Cellphone Weirdness: Messages, Notifications and Whooping Sounds
Do you get weird notifications on your cellphone? I do. Last week, I got a message reading, “RAIN ALERT. A brief rain shower will begin around 1:31 a.m. The rain will be light…” It was a sunny day. Not a cloud in the sky. I clicked to read the rest of the notification. “In Charleston, South Carolina,” it said.
Sometimes these weather notifications refer to where I am—Southampton, Sag Harbor or Amagansett. I like those. But sometimes, they don’t. For a while I thought these alerts had been set up because of places I’ve been. Charleston. Nashville. Such notifications would bring back warm memories of those places. But then I got an alert that said “a vicious thunderstorm will begin at 4:16 p.m…”
Yes? Where? I clicked. “…in West Liberty.” Where the hell is West Liberty? I did a search. It’s in Indiana. I’ve never been to Indiana. I get two or three of these a day, all either for where I am, where I was or for places I’ve never been. It’s nice. The weather service is showing off.
Then there is the notification that comes up at least once a day, referring to Tiger Muay Thai. It might read “BBQ Sakadpet vs Wanpadet.” I think this is either an invitation to a backyard cookout, a relaxation technique or some ancient Thai self-defense maneuver. It comes from YouTube, and I could shut off notifications from YouTube, but then I’d be shutting off some good stuff.

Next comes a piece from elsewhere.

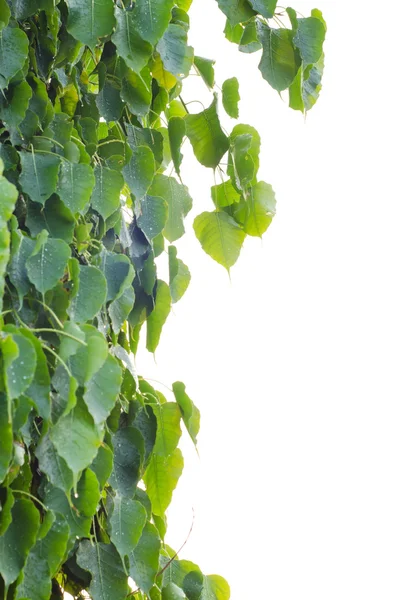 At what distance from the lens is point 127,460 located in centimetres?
82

So Tiger Muay Thai is a price I pay.
Then this happened. I was in Grand Central Station. Phone was in the off position. I was near the information booth. And suddenly, my phone went off, very loud. Great whooping sounds. “Emergency,” the notification on my screen read. “Evacuate immediately.” People stared at me. Nobody else was whooping. Then it stopped. I clicked to get the rest of the message. The emergency was in Grand Forks, North Dakota, because flash floods were coming at 9:17 p.m.
Another weird thing happened last Monday night. The phone had asked me to agree to do an update of the platform iOS. All sorts of new goodies would be awaiting me on the phone. I was getting into bed. Okay. But 20 minutes later, I was awakened by a loud beep. The update had finished and suddenly, bang, up came 22 new email messages. And this is the interesting part. Every one was a link to one of three newspaper articles I’d read, which on November 4, 2016, I had sent to others because I thought they might like reading them. They’d been wandering around in space for three years, undelivered, and now had stopped their wandering to return to sender.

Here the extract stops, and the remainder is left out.